Dataset section:
··········

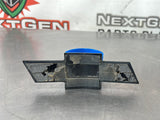 2011 CAMARO SS REAR EMBLEM TRUNK BADGE AFTERMARKET #467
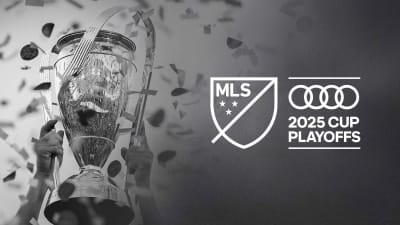 Who's left? Audi 2025 MLS Cup Playoffs teams, matchups & results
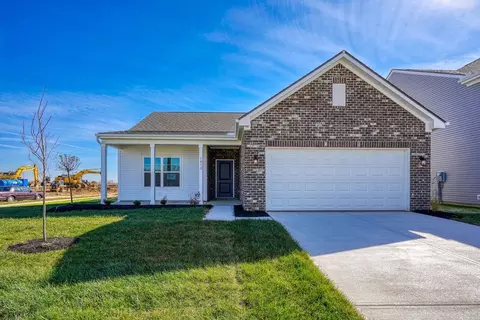 8404 Warbler Branch Way, Louisville, KY 40229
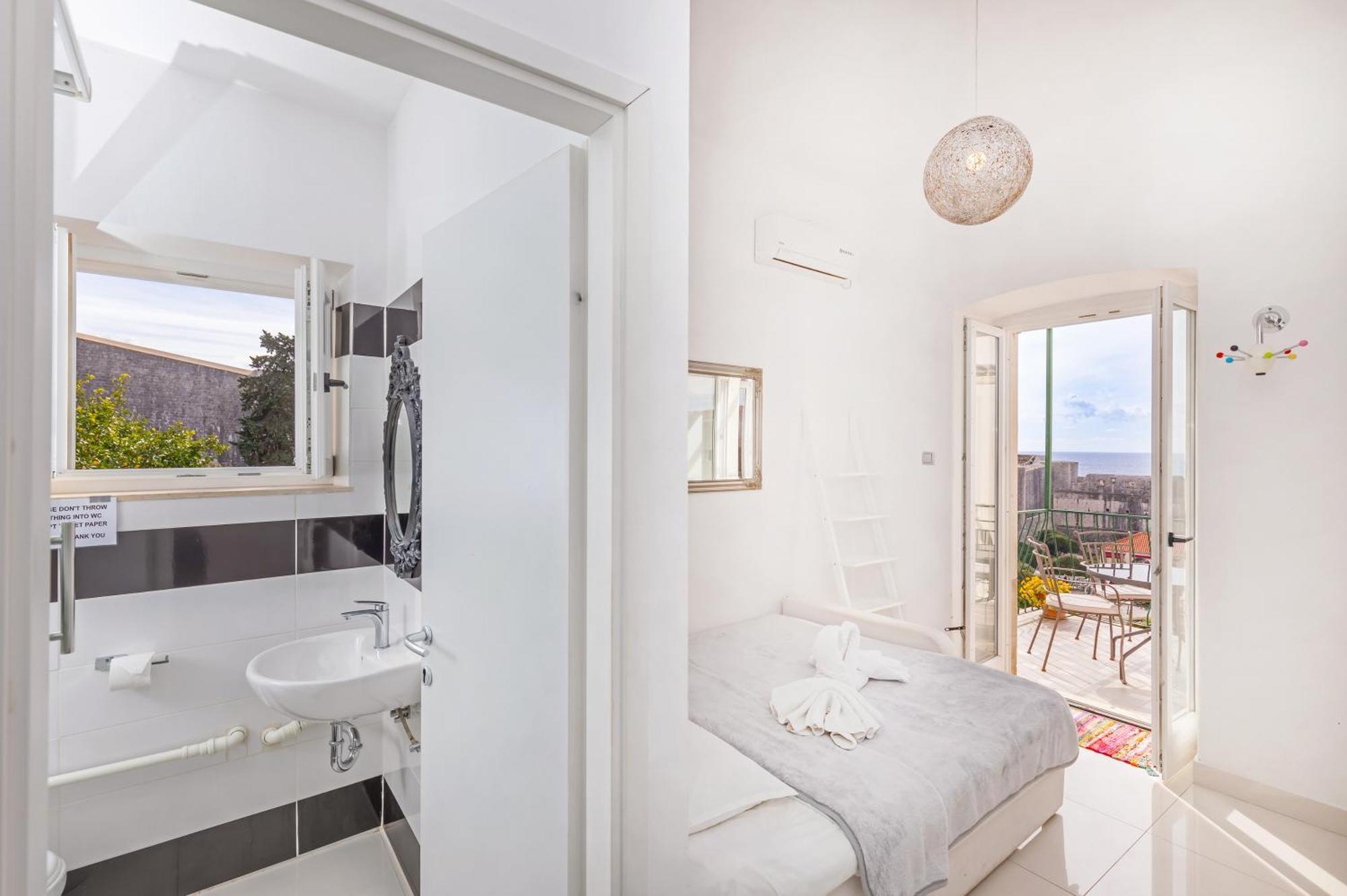 Apartment Entre Les Jardins Dubrownik Zewnętrze zdjęcie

··········

Exercise description: Output all of the data exactly as it stands, minus any images.

Task solution:
 2011 CAMARO SS REAR EMBLEM TRUNK BADGE AFTERMARKET #467
 Who's left? Audi 2025 MLS Cup Playoffs teams, matchups & results
 8404 Warbler Branch Way, Louisville, KY 40229
 Apartment Entre Les Jardins Dubrownik Zewnętrze zdjęcie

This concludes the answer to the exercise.